** Opening Entries supplied block **

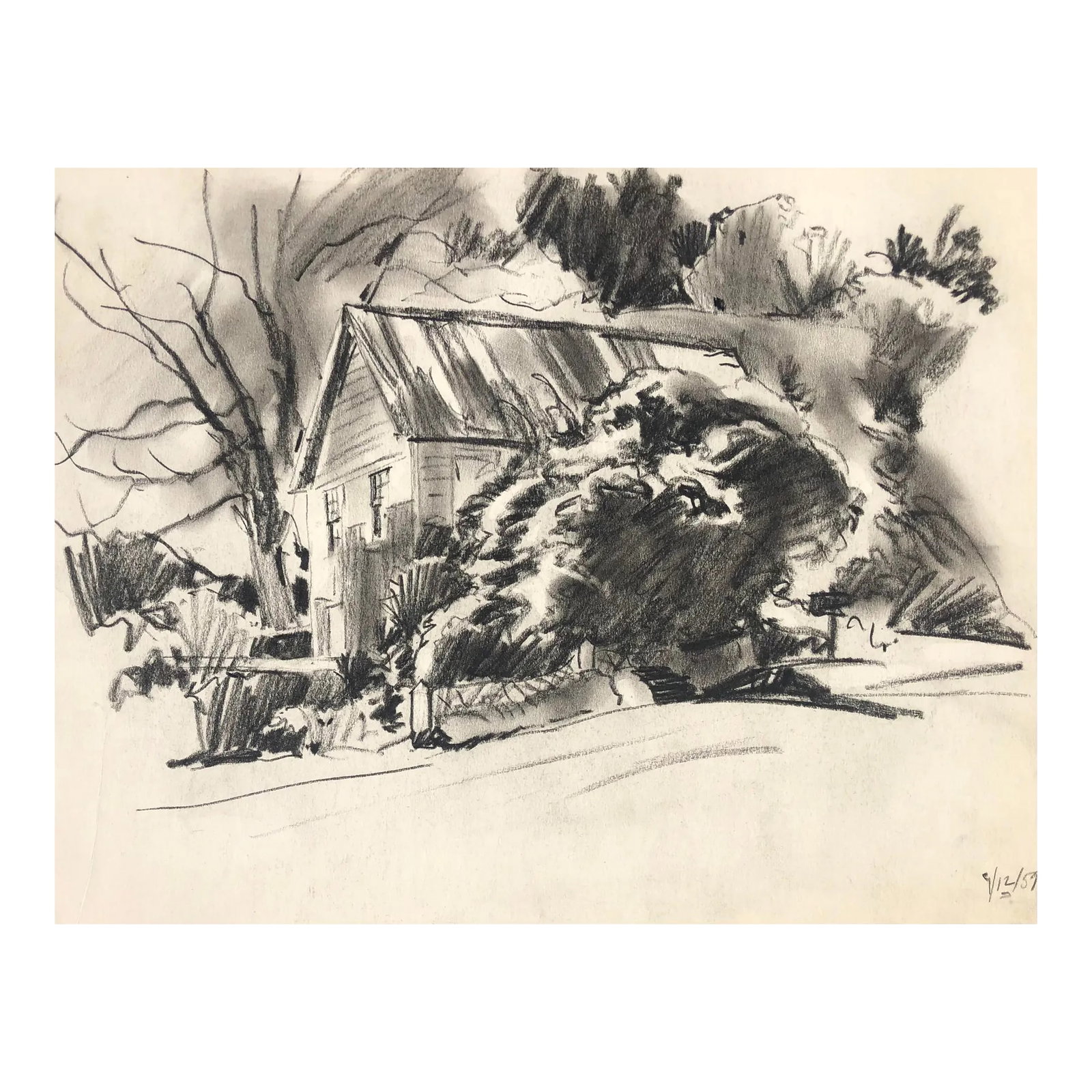 1959 Norman Kent New England Drawing: Born in Pittsburgh, American artist Norman Kent (1903 - 1972) attended the Rochester Institute and trained at the Art Students League in New York under Leftwich Dodge. He learned the art of the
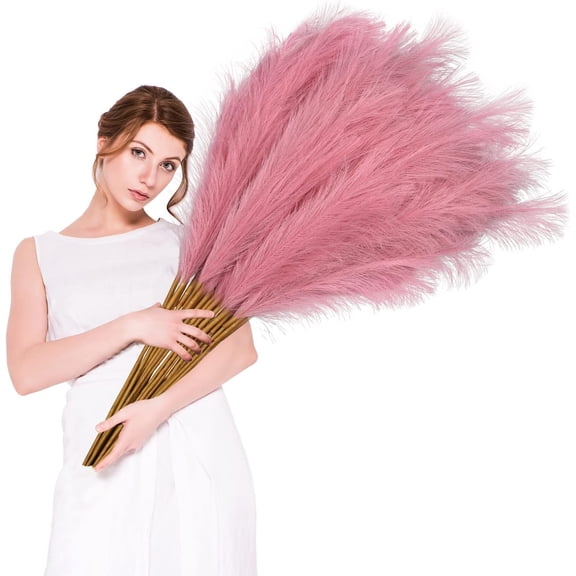 10Pcs Faux Pampas Grass, 38''/3.1FT Tall Fluffy Fake Pompas Floral, Large Artificial Pompous Grass Branches for Floor Vase Fillers, Boho Farmhouse Room Home Wedding Decoration (Wheat)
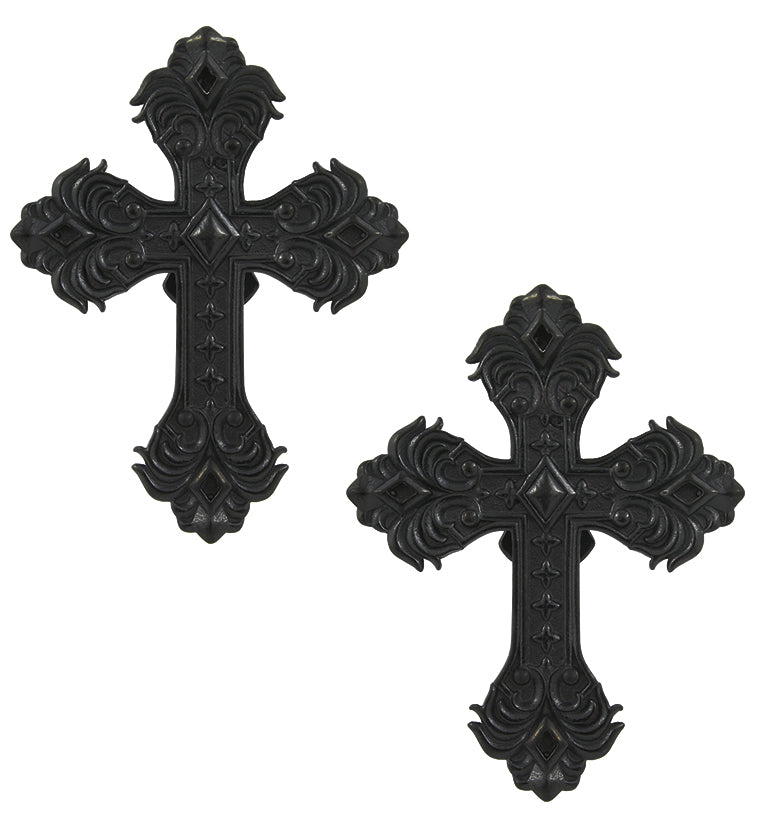 Black PVD Ornate Cross Stainless Steel Ear Weights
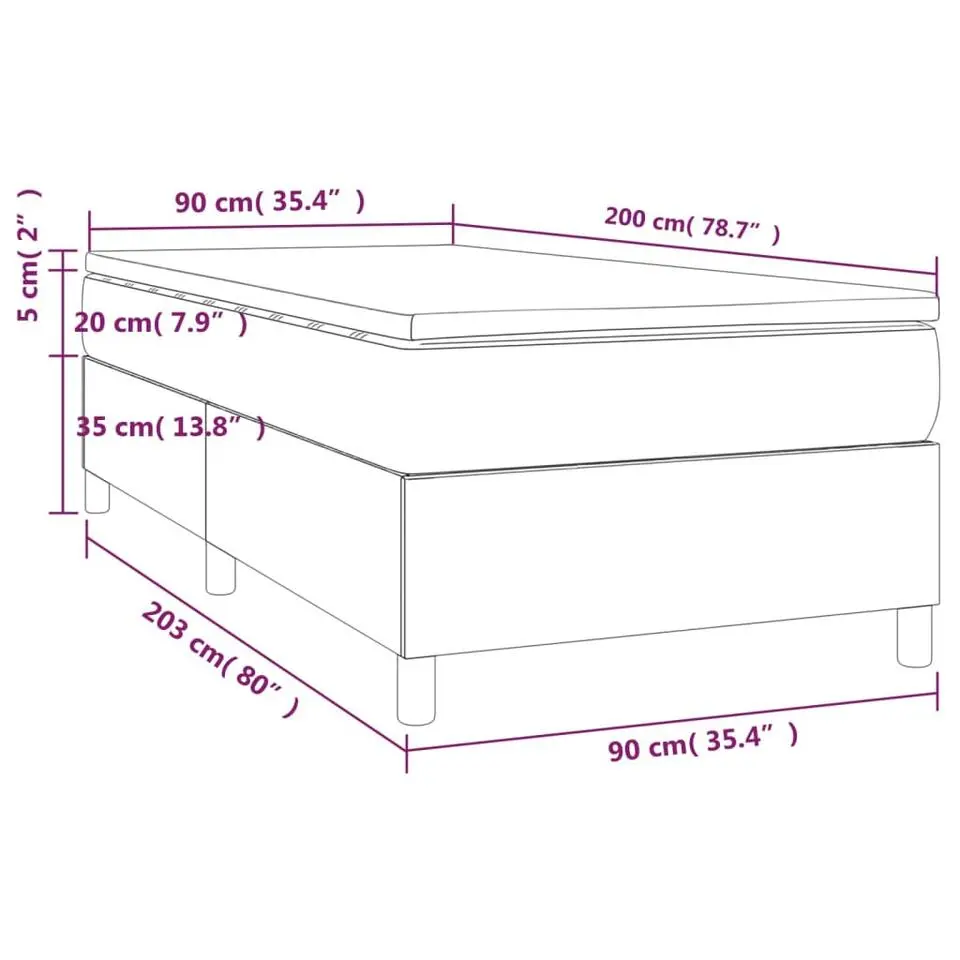 vidaXL - Bed frame met matras - Zwart - Fluweel - 90x200 cm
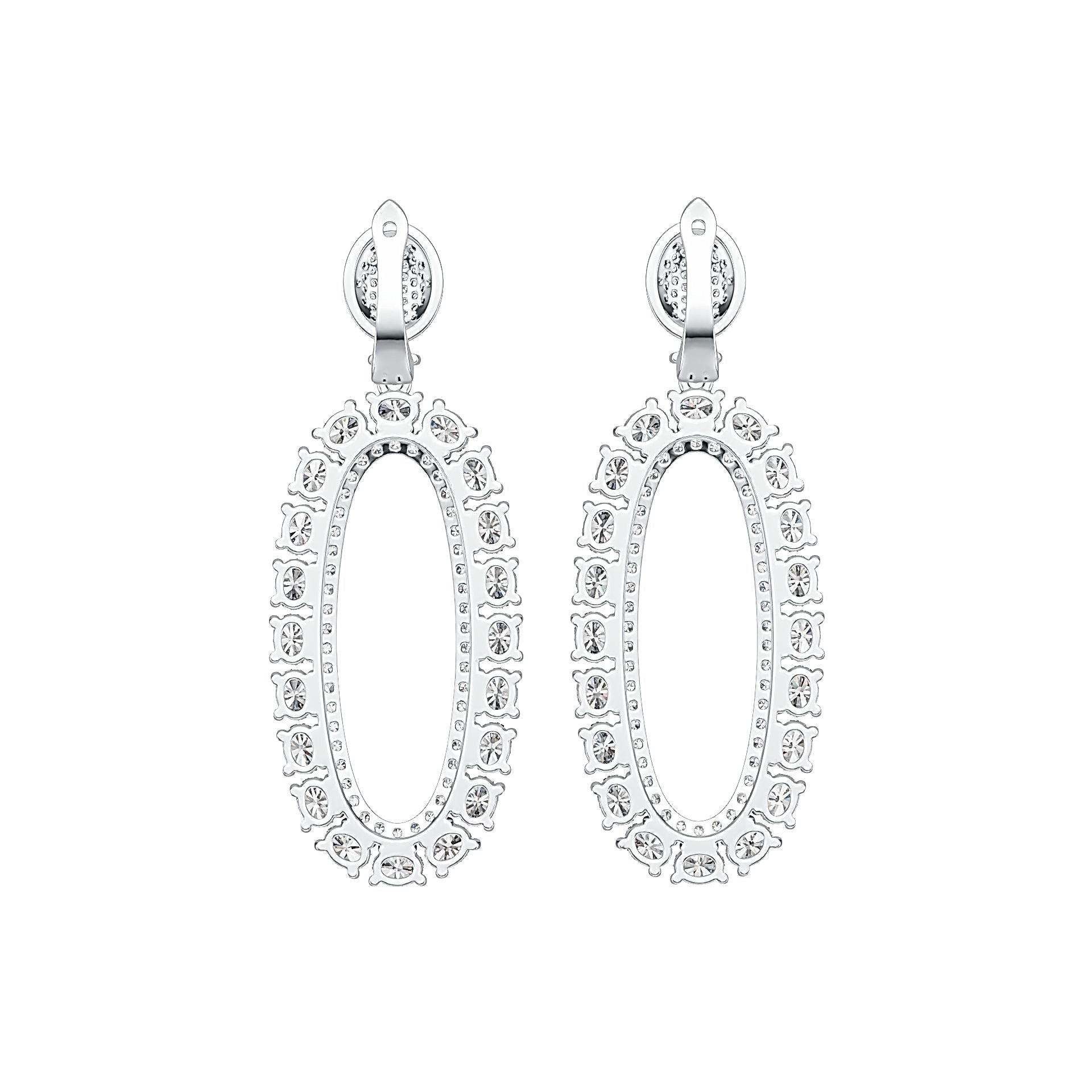 Platinum Semi Mount Earrings Setting Oval OV 4X3mm Diamond Accent DHJ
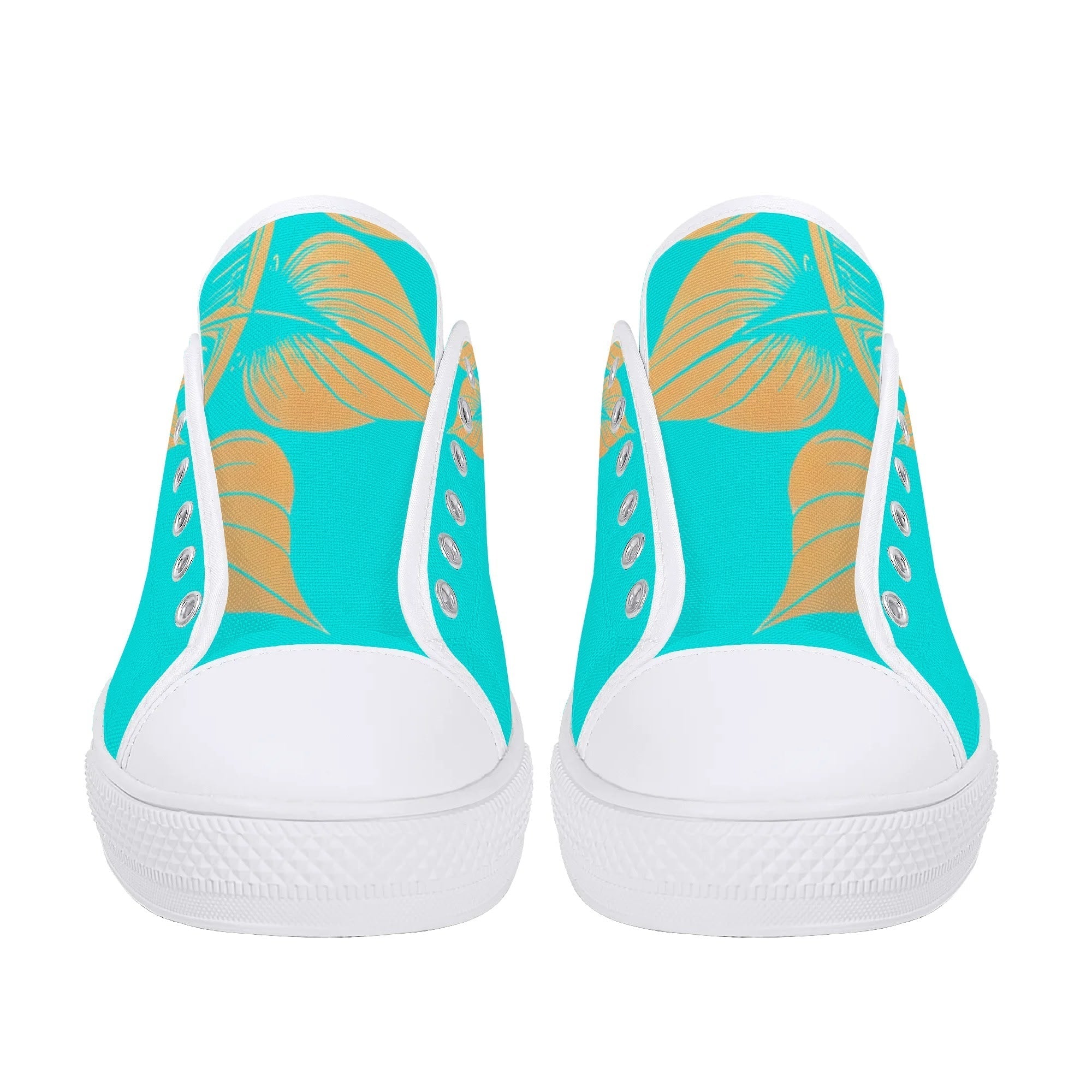 Antique Mandala on Cyan Canvas Lowtops (white pair front)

** Closing Entries supplied block **

--- What you are asked to do ---
With the images omitted, output all entries exactly as given.

--- Output ---
 1959 Norman Kent New England Drawing: Born in Pittsburgh, American artist Norman Kent (1903 - 1972) attended the Rochester Institute and trained at the Art Students League in New York under Leftwich Dodge. He learned the art of the
 10Pcs Faux Pampas Grass, 38''/3.1FT Tall Fluffy Fake Pompas Floral, Large Artificial Pompous Grass Branches for Floor Vase Fillers, Boho Farmhouse Room Home Wedding Decoration (Wheat)
 Black PVD Ornate Cross Stainless Steel Ear Weights
 vidaXL - Bed frame met matras - Zwart - Fluweel - 90x200 cm
 Platinum Semi Mount Earrings Setting Oval OV 4X3mm Diamond Accent DHJ
 Antique Mandala on Cyan Canvas Lowtops (white pair front)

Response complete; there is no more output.